Going through the material below, output exactly the lines from the one containing "Collar de Plata" through the one containing "メ*ン様 【美品】マークジェイコブス　レザー　ライダース ヴィンテージ加工　Sサ", and no pictures.

--- PROVIDED DATA ---
===============

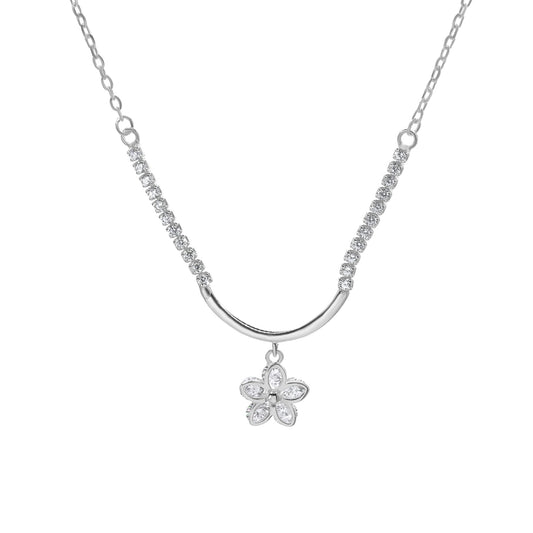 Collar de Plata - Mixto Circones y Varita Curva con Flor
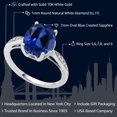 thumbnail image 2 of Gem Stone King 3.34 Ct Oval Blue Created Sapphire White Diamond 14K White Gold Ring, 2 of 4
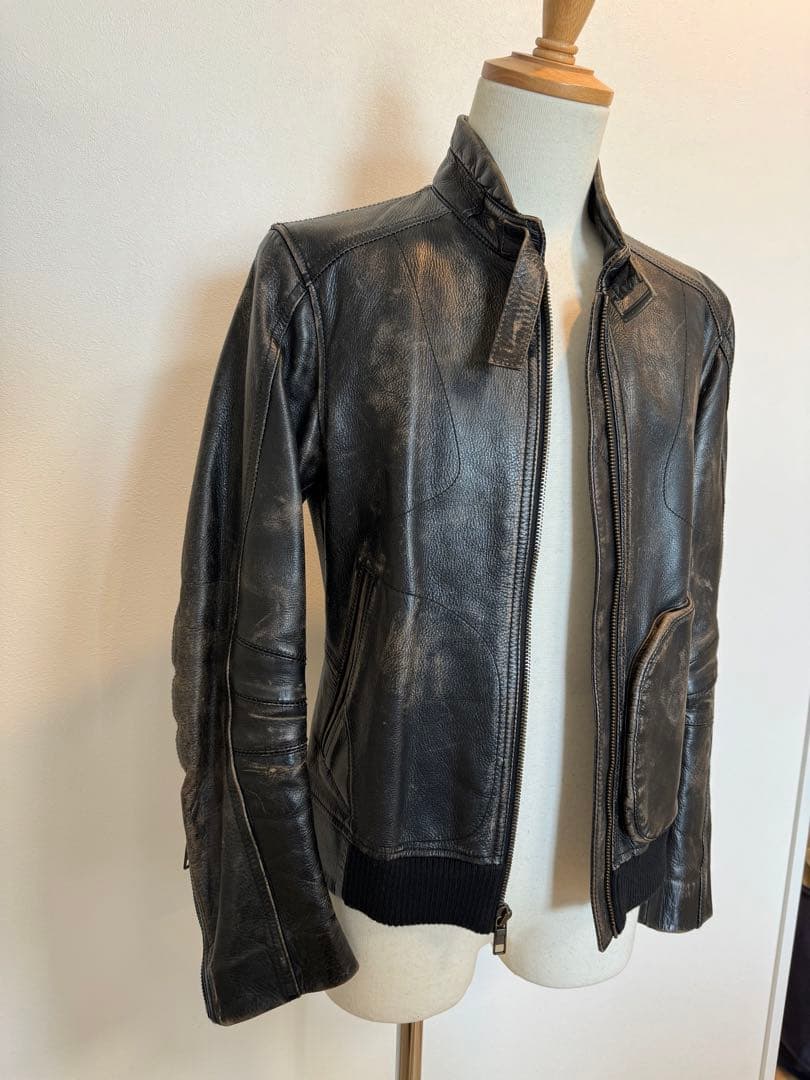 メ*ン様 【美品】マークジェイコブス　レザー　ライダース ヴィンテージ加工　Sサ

===============

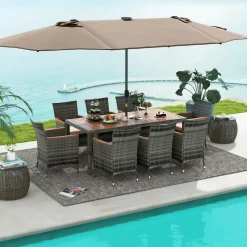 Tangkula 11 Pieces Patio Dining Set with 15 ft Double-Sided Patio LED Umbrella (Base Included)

===============

--- ANSWER SPACE ---
 Collar de Plata - Mixto Circones y Varita Curva con Flor
 thumbnail image 2 of Gem Stone King 3.34 Ct Oval Blue Created Sapphire White Diamond 14K White Gold Ring, 2 of 4
 メ*ン様 【美品】マークジェイコブス　レザー　ライダース ヴィンテージ加工　Sサ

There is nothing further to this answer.